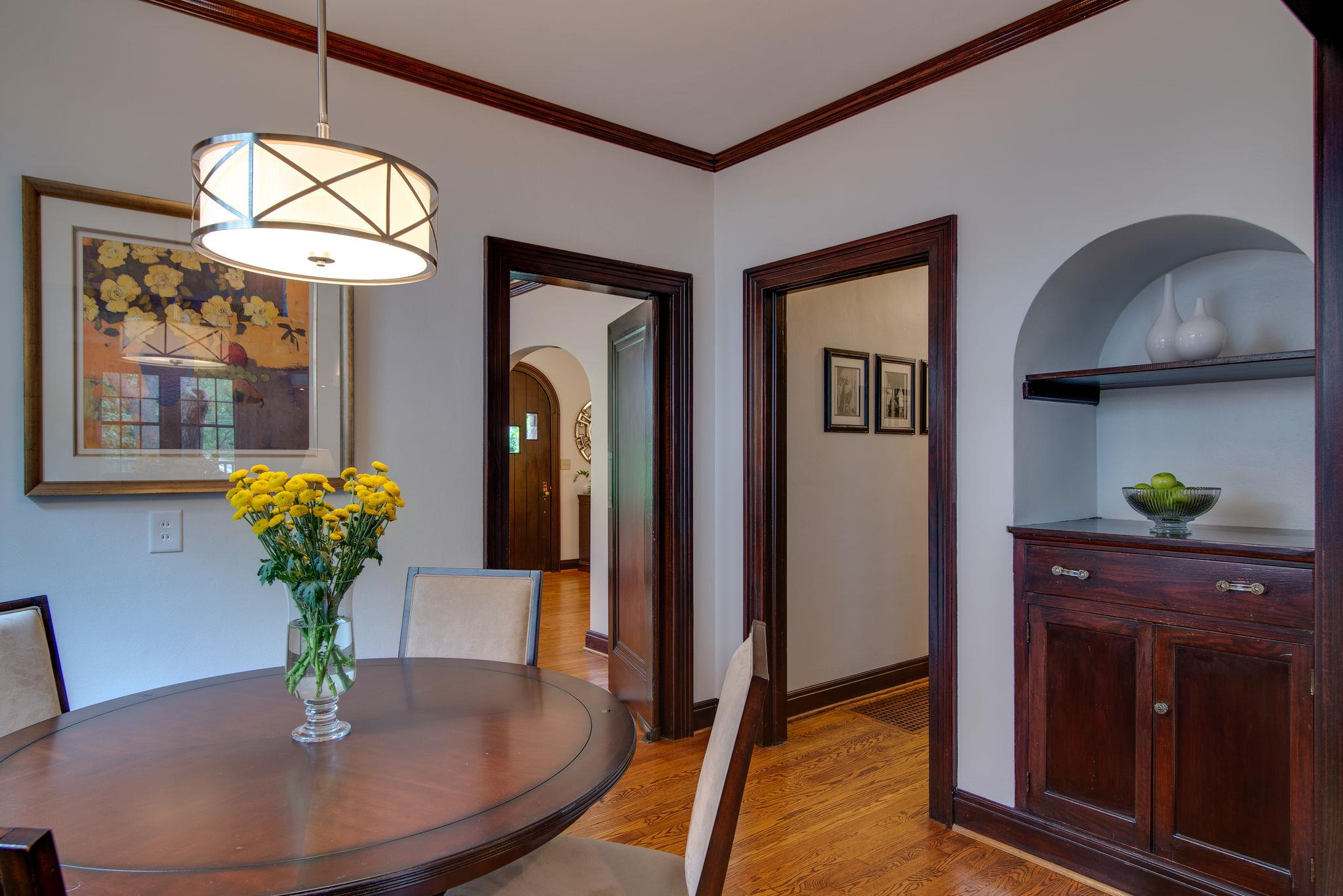 113 Mockingbird Road Nashville, TN 37205 - Photo 9 of 30 a view of a dining room with furniture wooden floor and chandelier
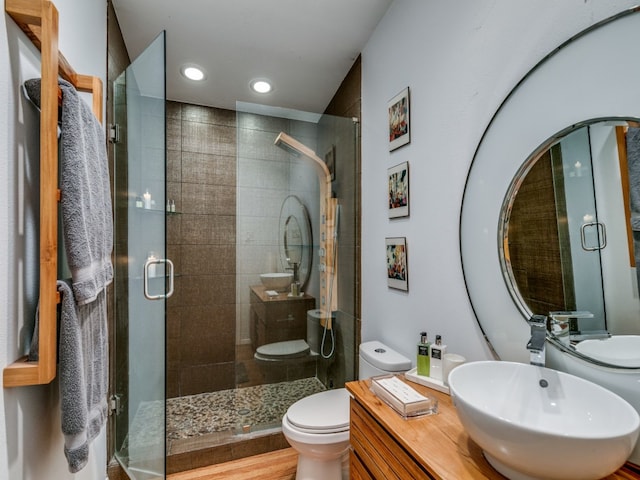 bathroom featuring vanity, toilet, wood-type flooring, and a shower with door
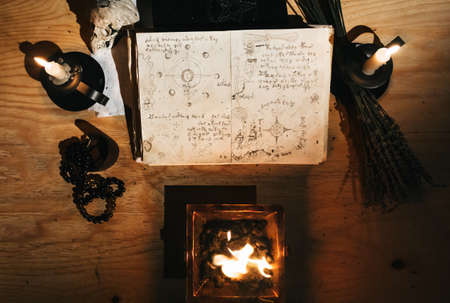 Occult white magic ritual of fire using grimoire, old book, candlesの写真素材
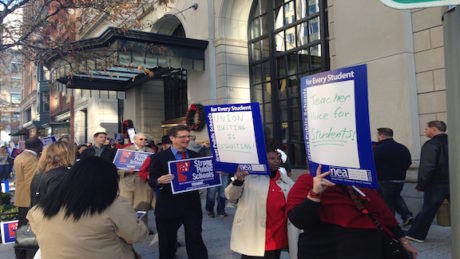 CAVA teachers, joined by NEA members, protest outside a K12 Inc. board meeting in Washington, D.C. last December.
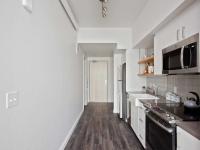 kitchen with stainless steel appliances and white cabinets at oro apartments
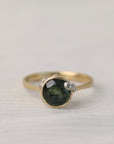 Gold ring with a green gemstone on a light fabric background
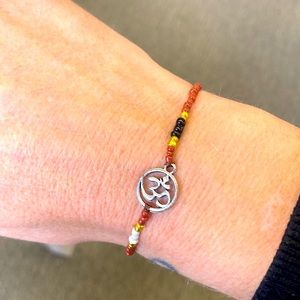 Gorgeous om charm skinny bracelet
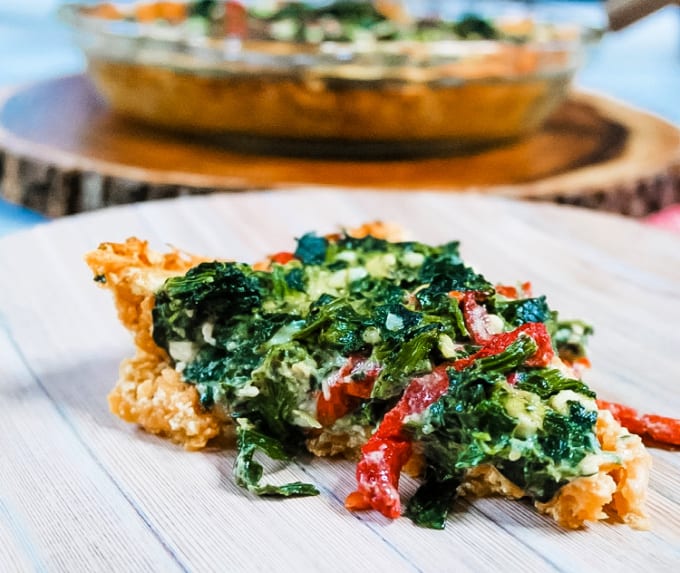 Slice of spinach and sweet potato quiche on a wood platter.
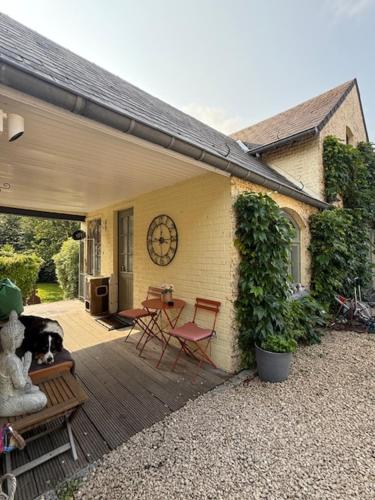 a porch of a house with a table and chairs at Le Jardin Des Secrets "Gites et chambres à louer" in Namur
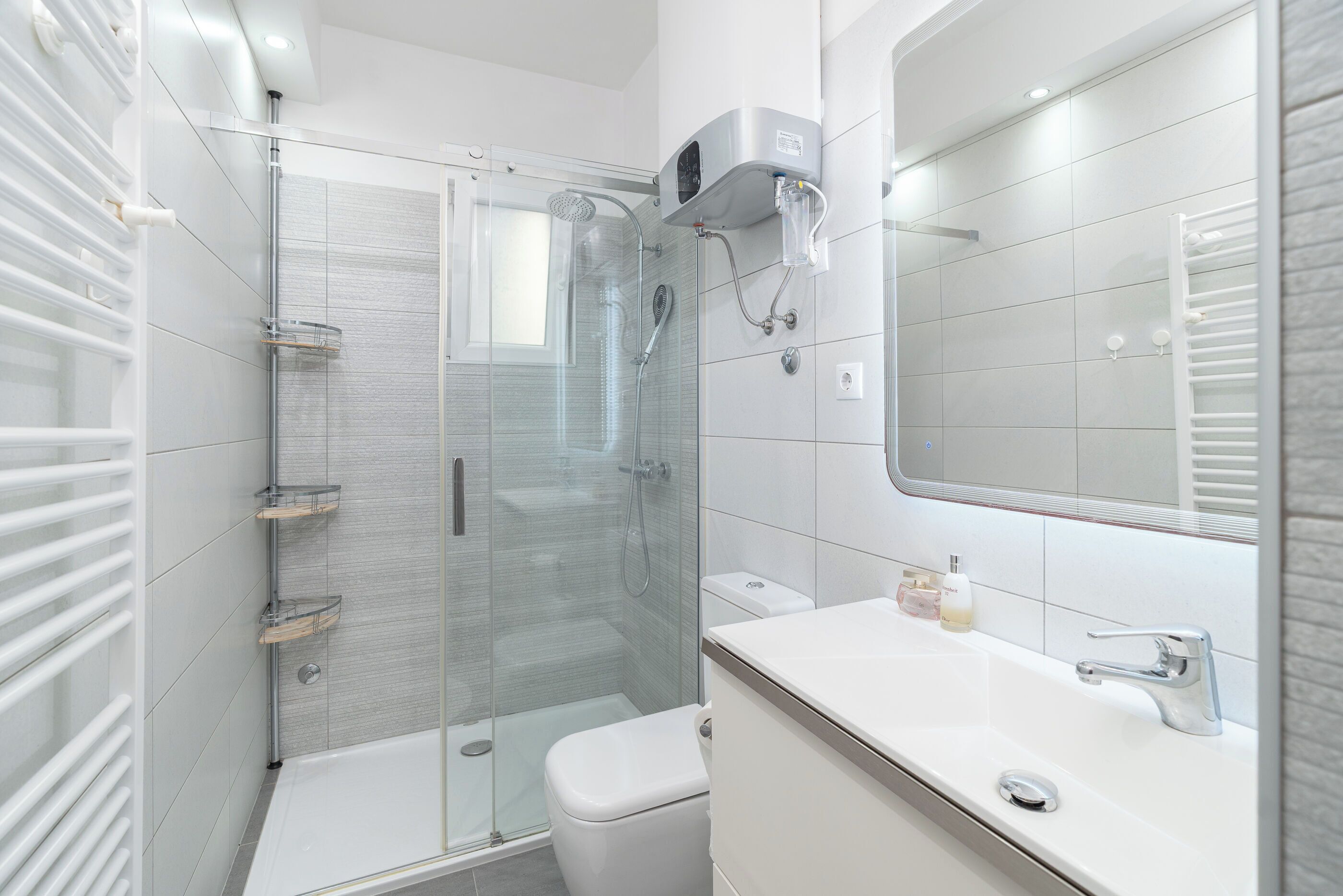 A modern bathroom with a glass-enclosed shower, a white sink, and a large mirror.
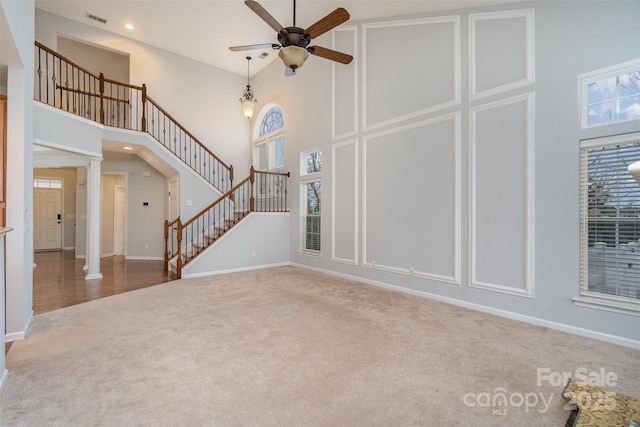 unfurnished living room featuring ornate columns, visible vents, stairway, and carpet flooring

----

TO DO: When you reach the line with "Occult white magic" in the records above, start writing out each line exactly, and stop after the line with "kitchen with stainless". Pictures stay out.

WRITTEN RESPONSE:
 Occult white magic ritual of fire using grimoire, old book, candlesの写真素材
 CAVA teachers, joined by NEA members, protest outside a K12 Inc. board meeting in Washington, D.C. last December.
 kitchen with stainless steel appliances and white cabinets at oro apartments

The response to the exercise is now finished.